Washington state is experience some of the warmest weather in the country. The beautiful weather and the fact that boating season has begun means that a lot of people are boating and enjoying the many bodies of water in our state. Even though Western Washington expects to read temperatures in the high 70s it is important to remember that the waters are still cold and cold water can kill.
Unfortunately, two people died in two separate incidents on Washington waters over the weekend. On the Stillaguamish River, a man died after his raft overturned. And on Spanaway Lake, a man is presumed drowned after his inner tube flipped and he came out of his life vest.
According to Seattle's King5.com, there was also a water rescue off Ft. Worden State Park of a man and two girls.
When water is is under 50 degrees Fahrenheit, there are physiological responses that can happen if a body becomes immersed in the water.
Cold Water Shock
If a person lands in very cold water, they can go into shock. Their heart rate and blood pressure can go up resulting in a heart attack. Another thing that can happen is hyperventilation, or an involuntary gasp, which can cause a person to take on water.

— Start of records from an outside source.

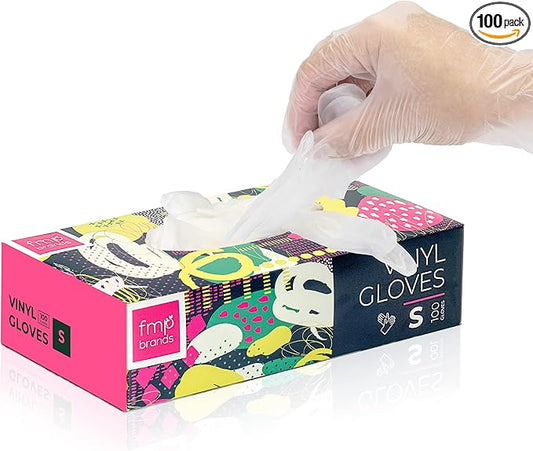 Fit Meal Prep 100 Pack Disposable Latex Free Small Vinyl Food Prep Gloves - Powder Free, Ideal for Kitchen, Bathroom, Household, Gardening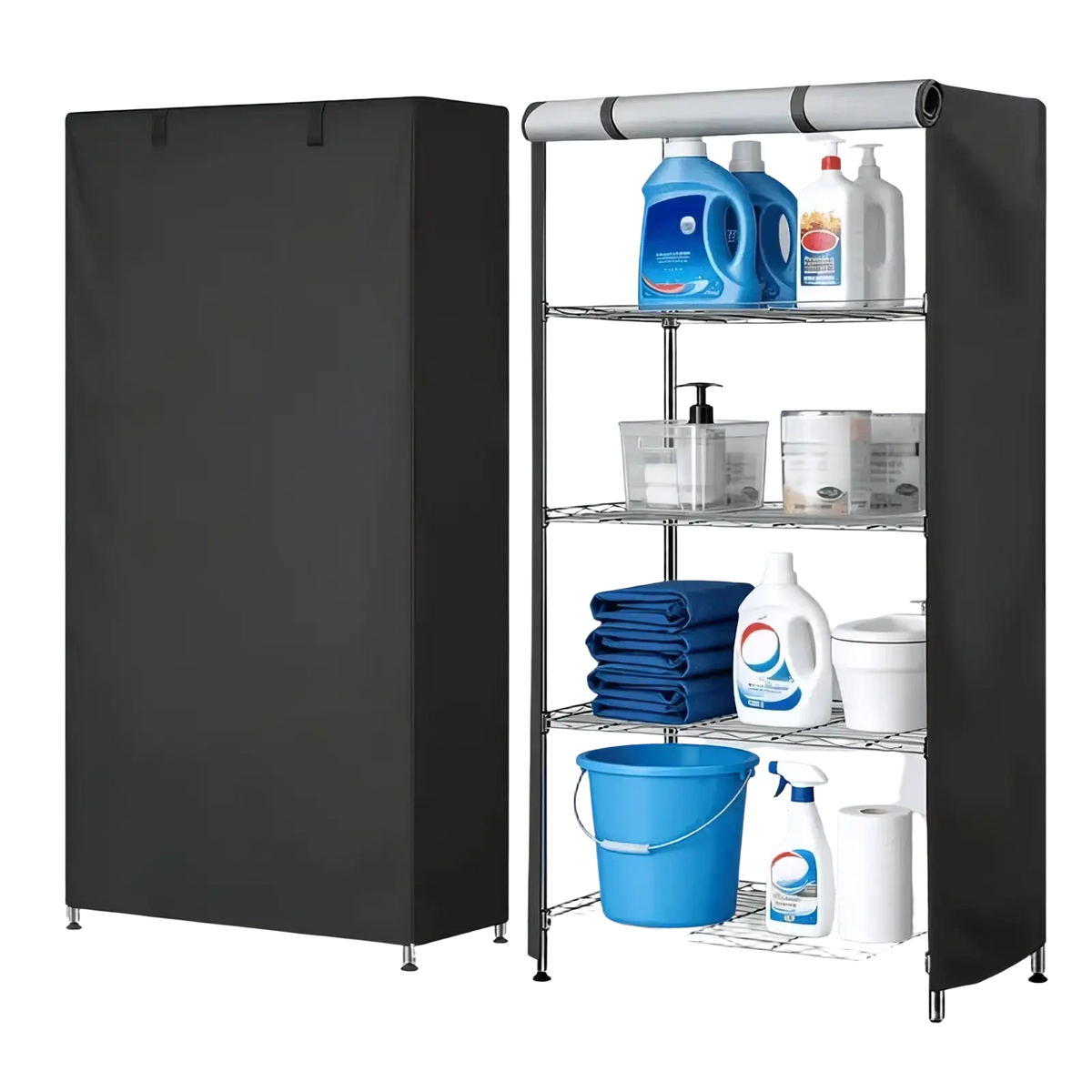 Black fabric-covered metal shelving unit with four wire shelves and roll-up top bar for protective Oxford cloth cover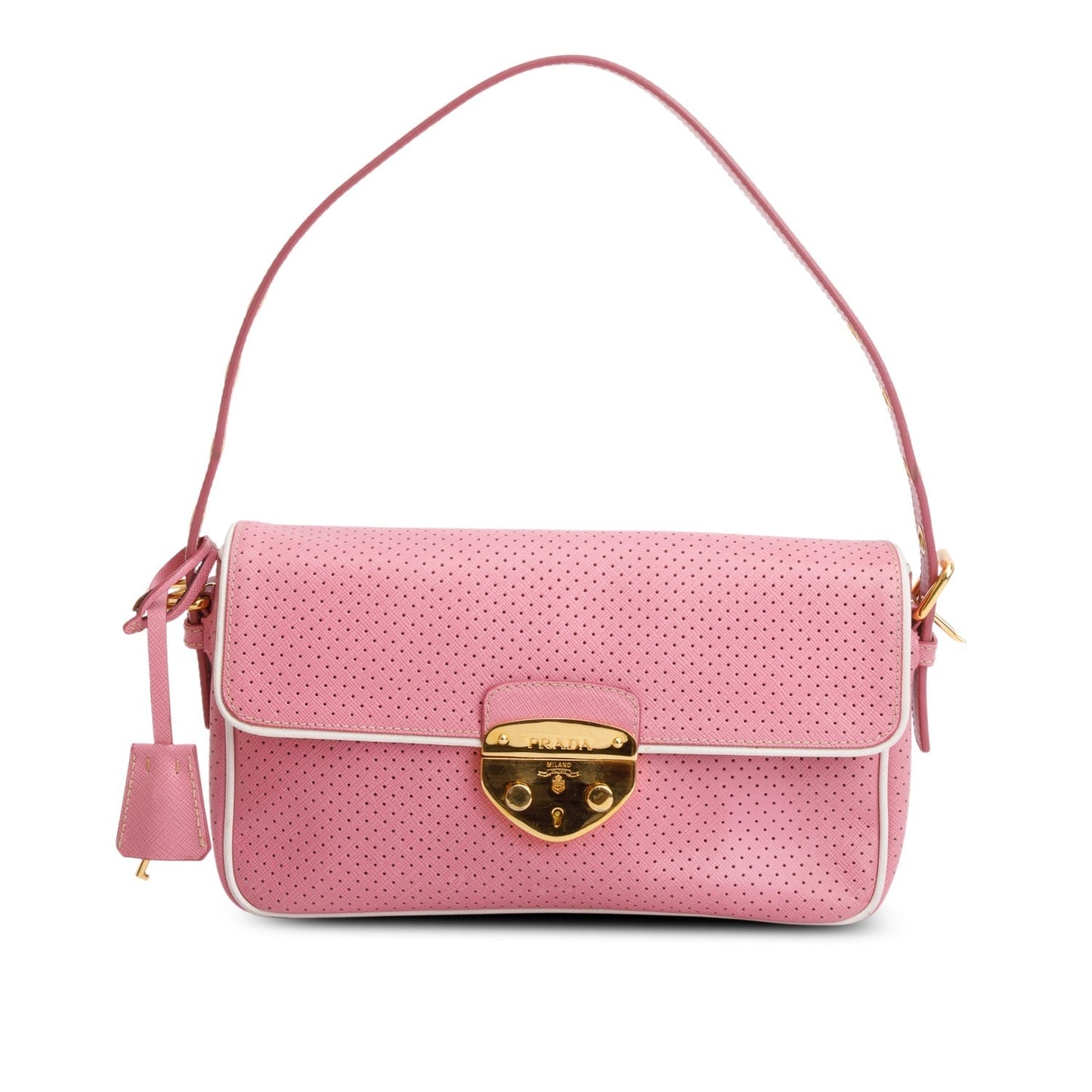Prada Perforated Saffiano Fori Baguette Bag Leather Pink Travel Bag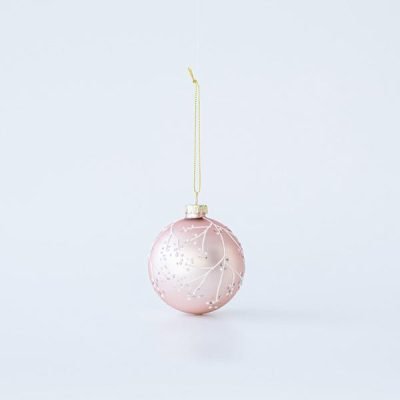 ΓΥΑΛΙΝΗ ΜΠΑΛΑ, ΡΟΖ ΜΕ ΛΕΥΚΑ ΣΧΕΔΙΑ, ΣΕΤ 4ΤΜΧ, 10cm (600-45754)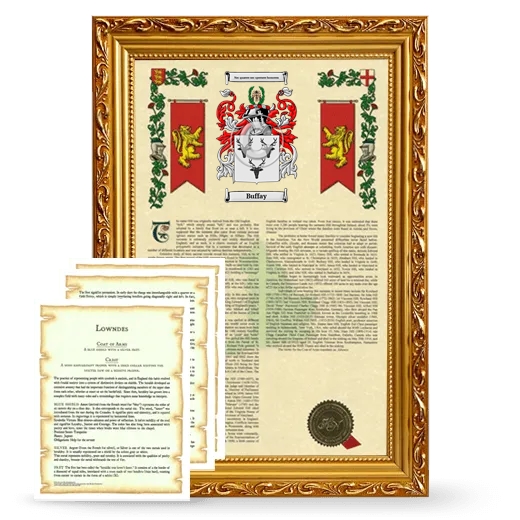 Buffay Framed Armorial History and Symbolism - Gold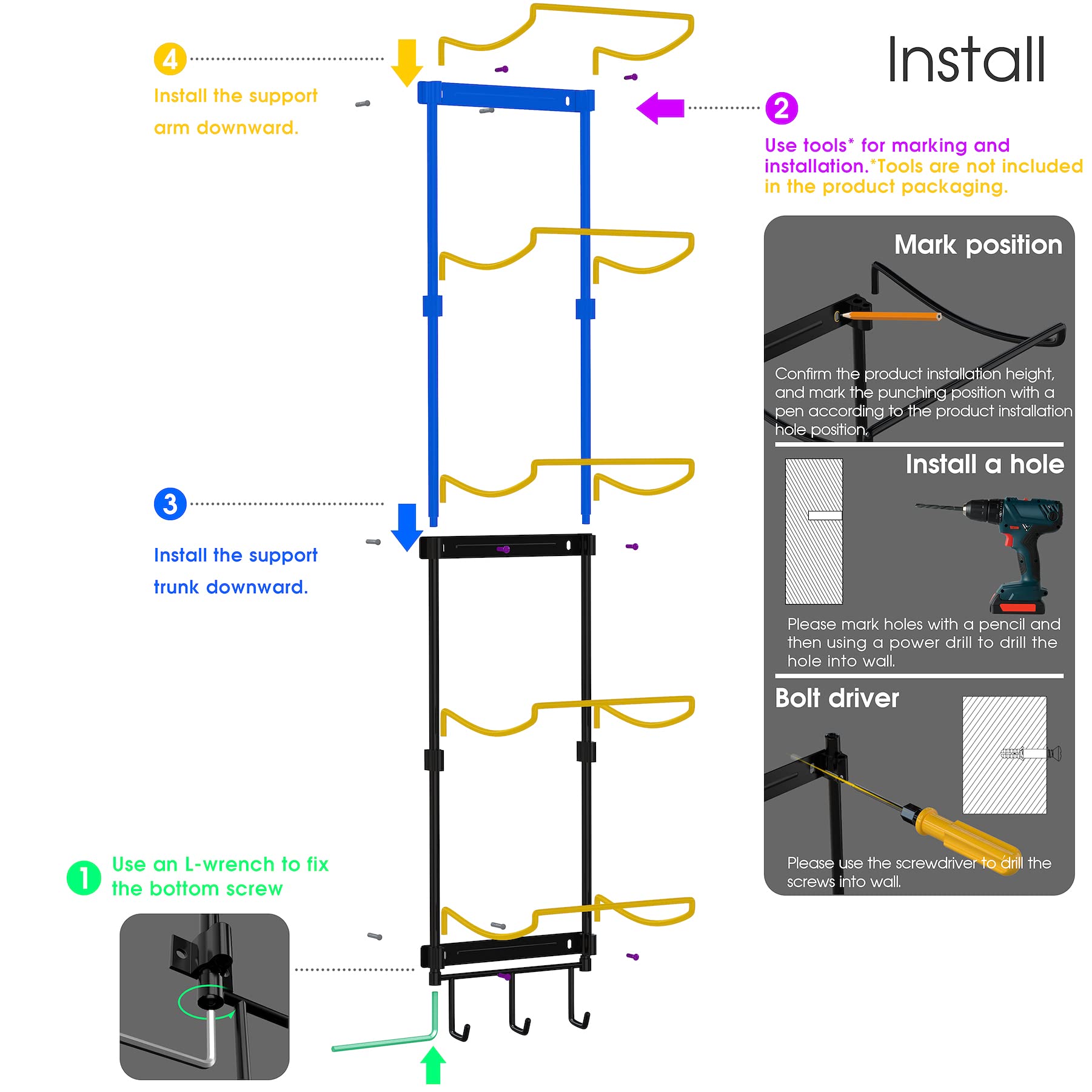 Yoga Mat Holder Wall Mount, Wall Rack Organizer, Storage Foam Roller And Block, With 5 Sectional And 3 Hooks For Hanging Yoga St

Many boaters don't wear life vests because they think they can swim. They are over estimating their capabilities because if they end up in very cold water, they can become incapacitated as their core temperatures drops and they can no longer controls their arms or legs enough to keep themselves above water.
Hypothermia is a condition when the core body temperature drops below a level needed to sustain life. Hypothermia can occur when a person swims or falls into cold water. Signs of hypothermia can include shivering, blue skin, slow respiration, slurred speech, muscle stiffness and cardiac arrest.